On Monday, Roskomnadzor said it is not happy with Facebook and Twitter’s letters. “They do not contain any specifics about the actual execution of the law at the moment, nor the timing of the execution of these rules in the future,” it said in an emailed statement. “In this regard, Roskomnadzor is starting administrative proceedings against both companies today.”
The Russian news agency TASS also reported Friday that Twitter was not sending a representative to discuss Russian legislation with regulators this month, as Roskomnadzor had wanted. The meeting is “probably” postponed, the report stated.
So what happens if Twitter and Facebook continue to refuse to play ball with Roskomnadzor? Under current legislation, not a lot.
The penalty for non-compliance with the data-localization law would be a paltry 5,000 rubles, or $75, plus a demand that they comply within six months to a year.
However, according to a report in Vedomosti, Roskomnadzor is still considering blocking the popular services if they don’t show they are locating their Russian users’ data on Russian soil – a move that would surely provoke a massive international outcry.
Russia blocked LinkedIn in late 2016 because of its refusal to comply with the data-localization law.

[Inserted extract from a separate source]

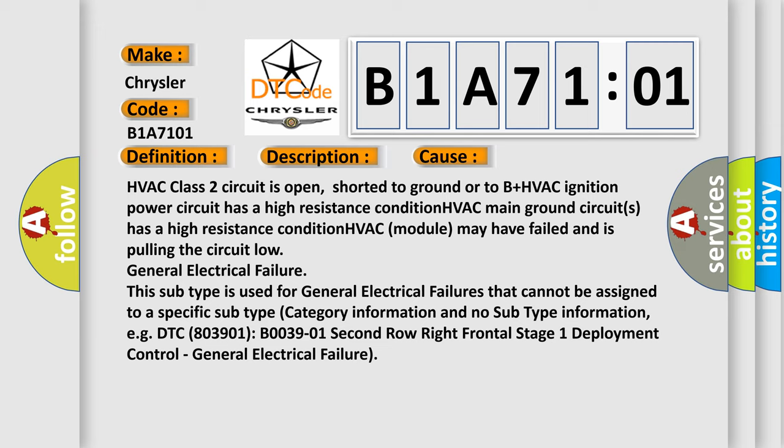General electrical failure. This subtype is used for general electrical failures that cannot be assigned to a specific subtype category information and no subtype information, e.g., DTC B03901, B003901 second row right frontal stage 1 deployment control. General electrical failure.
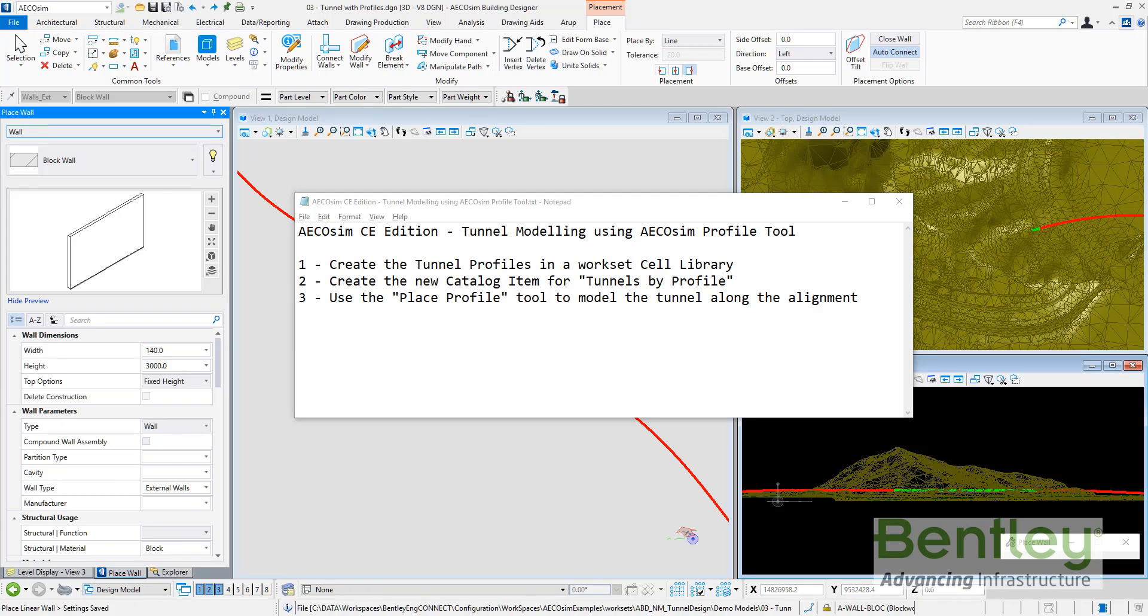Hello, in this video I am going to explain the steps to model a tunnel using the AECOsim Profile tool.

Apple has been more willing to comply.
The legislation is supposedly aimed at protecting Russians’ data, but human rights groups see it as a way for Russia’s intelligence services to keep citizens’ information close to their fingertips.
Since that law’s introduction three and a half years ago, Russia has increasingly clamped down on internet use, forcing telecommunications providers to retain users’ communications, banning the use of virtual private networks (VPNs), imposing censorship rules on bloggers and activists, and calling on volunteers to help scrub “extremist” content from the online realm.
Most recently, the Russian authorities decreed that all users of messaging apps must be made identifiable, by forcing the operators of those services to verify new users’ registration data through their mobile operators.
Also on Monday, Russian culture minister Vladimir Medinsky said in a TASS interview that “there will be a clampdown [on anonymous internet use] throughout the globe in the future”.
“I guarantee that we will get access to the Internet ‘via a passport’ in the future, not just in Russia, but across the whole wide world,” Medinsky argued. “This matter will be resolved during our lifetime.”